= English cricket team in Pakistan in 1955–56 =

An English cricket team sponsored by Marylebone Cricket Club (MCC) visited Pakistan from December 1955 to February 1956 and played fourteen first-class matches including four against the Pakistan national cricket team.

==The team==

- Donald Carr (captain)
- Ken Barrington
- Brian Close
- Michael Cowan
- Tony Lock
- Alan Moss
- Jim Parks
- Peter Richardson
- Peter Sainsbury
- Harold Stephenson
- Billy Sutcliffe
- Roy Swetman
- Ian Thomson
- Fred Titmus
- Maurice Tompkin
- Allan Watkins

Thomson was not in the original team. He replaced the injured Cowan midway through the tour.

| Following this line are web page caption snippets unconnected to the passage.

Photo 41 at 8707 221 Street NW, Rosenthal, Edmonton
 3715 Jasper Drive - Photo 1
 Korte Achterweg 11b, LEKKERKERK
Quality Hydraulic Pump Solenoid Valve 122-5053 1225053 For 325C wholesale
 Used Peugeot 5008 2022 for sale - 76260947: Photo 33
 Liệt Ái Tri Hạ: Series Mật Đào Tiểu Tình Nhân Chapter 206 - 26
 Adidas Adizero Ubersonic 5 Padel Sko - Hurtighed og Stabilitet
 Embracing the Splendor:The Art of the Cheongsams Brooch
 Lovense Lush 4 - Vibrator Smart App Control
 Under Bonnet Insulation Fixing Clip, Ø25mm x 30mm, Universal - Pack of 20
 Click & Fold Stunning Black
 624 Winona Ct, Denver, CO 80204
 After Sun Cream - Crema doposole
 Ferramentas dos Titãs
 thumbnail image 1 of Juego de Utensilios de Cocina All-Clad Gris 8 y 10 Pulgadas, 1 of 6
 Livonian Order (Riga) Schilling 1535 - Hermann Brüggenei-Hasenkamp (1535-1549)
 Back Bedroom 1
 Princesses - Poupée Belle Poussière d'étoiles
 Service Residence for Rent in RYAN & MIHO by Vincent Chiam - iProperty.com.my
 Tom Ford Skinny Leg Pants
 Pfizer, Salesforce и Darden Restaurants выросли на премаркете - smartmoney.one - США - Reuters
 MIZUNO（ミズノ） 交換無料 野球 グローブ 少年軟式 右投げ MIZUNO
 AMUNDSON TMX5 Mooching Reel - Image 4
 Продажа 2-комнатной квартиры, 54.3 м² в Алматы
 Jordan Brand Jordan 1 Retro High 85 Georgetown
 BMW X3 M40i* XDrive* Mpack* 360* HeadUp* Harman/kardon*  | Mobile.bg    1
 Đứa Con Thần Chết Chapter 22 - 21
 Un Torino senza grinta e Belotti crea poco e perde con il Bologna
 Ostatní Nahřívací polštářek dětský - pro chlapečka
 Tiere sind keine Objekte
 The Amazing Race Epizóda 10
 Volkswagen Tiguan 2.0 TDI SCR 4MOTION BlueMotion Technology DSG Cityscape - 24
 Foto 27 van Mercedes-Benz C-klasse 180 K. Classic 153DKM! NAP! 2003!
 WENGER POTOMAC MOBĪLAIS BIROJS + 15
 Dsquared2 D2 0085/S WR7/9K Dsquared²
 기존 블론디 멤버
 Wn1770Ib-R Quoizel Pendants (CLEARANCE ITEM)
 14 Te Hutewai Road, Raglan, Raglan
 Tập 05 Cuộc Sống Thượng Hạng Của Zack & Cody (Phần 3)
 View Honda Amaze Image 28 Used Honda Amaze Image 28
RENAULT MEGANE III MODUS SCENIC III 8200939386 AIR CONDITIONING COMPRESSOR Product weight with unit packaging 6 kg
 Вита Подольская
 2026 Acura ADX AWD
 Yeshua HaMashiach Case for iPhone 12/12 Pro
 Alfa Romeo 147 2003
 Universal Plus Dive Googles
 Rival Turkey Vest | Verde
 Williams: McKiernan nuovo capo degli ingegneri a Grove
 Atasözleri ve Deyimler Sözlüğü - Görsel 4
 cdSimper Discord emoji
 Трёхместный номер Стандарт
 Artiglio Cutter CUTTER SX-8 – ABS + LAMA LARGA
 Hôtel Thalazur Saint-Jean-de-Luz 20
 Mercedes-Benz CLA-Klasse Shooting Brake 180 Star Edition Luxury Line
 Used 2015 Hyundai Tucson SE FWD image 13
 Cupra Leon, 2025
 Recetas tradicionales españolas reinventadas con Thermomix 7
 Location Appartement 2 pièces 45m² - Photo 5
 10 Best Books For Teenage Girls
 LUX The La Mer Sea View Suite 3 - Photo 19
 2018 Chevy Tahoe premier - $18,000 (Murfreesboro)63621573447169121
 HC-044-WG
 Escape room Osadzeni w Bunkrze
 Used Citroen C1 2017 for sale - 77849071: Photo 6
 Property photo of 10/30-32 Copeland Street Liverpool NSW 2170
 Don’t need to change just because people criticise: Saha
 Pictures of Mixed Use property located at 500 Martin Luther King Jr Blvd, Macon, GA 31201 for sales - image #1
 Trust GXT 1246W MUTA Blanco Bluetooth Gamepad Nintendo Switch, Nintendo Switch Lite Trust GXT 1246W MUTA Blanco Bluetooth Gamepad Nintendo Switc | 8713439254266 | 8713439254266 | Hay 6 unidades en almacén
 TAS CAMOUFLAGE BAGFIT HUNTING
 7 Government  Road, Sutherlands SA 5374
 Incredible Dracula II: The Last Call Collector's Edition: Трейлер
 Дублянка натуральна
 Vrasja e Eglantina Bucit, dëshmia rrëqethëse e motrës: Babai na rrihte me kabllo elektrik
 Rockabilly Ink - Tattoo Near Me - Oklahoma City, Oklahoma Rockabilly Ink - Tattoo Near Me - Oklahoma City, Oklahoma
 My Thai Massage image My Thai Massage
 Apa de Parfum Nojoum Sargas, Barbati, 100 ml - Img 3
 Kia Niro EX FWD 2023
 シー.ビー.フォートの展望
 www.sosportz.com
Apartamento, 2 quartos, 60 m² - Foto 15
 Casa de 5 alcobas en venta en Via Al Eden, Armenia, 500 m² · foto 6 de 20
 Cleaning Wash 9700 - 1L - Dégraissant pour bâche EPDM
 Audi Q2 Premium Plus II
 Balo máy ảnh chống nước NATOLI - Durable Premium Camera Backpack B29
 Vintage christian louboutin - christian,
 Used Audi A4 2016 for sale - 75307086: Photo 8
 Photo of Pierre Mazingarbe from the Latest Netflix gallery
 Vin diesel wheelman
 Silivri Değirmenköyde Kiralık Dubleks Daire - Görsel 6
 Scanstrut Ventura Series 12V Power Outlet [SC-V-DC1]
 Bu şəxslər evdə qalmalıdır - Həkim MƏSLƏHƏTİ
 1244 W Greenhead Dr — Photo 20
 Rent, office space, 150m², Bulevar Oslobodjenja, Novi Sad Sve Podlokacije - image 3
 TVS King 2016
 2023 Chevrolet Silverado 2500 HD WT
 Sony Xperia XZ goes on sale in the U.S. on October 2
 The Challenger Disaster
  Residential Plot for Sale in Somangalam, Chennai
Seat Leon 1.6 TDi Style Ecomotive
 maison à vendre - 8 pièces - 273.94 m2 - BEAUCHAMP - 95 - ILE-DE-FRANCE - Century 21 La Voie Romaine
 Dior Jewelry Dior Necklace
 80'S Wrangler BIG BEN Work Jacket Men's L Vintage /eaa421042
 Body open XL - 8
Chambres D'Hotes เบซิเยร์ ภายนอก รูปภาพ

==Pakistan v MCC series summary==
- 1st match at Bagh-e-Jinnah, Lahore – match drawn
- 2nd match at Dacca Stadium, Dacca – Pakistan won by innings and 10 runs
- 3rd match at Arbab Niaz Stadium, Peshawar – Pakistan won by 7 wickets
- 4th match at National Stadium, Karachi – MCC won by 2 wickets

==Idrees Baig incident==
On the third evening of the match against Pakistan in Peshawar, some of the English players, fed up with what they regarded as the Pakistani umpire Idrees Baig's pomposity on the field and his bias in favour of Pakistan, kidnapped him, took him back to their hotel and tipped a bucket of water over him. The incident caused outrage in Pakistan and almost led to the abandonment of the tour, but diplomacy by the MCC president, Lord Alexander, and Iskander Mirza, the president of the Board of Control for Cricket in Pakistan, smoothed things over sufficiently to allow the tour to continue.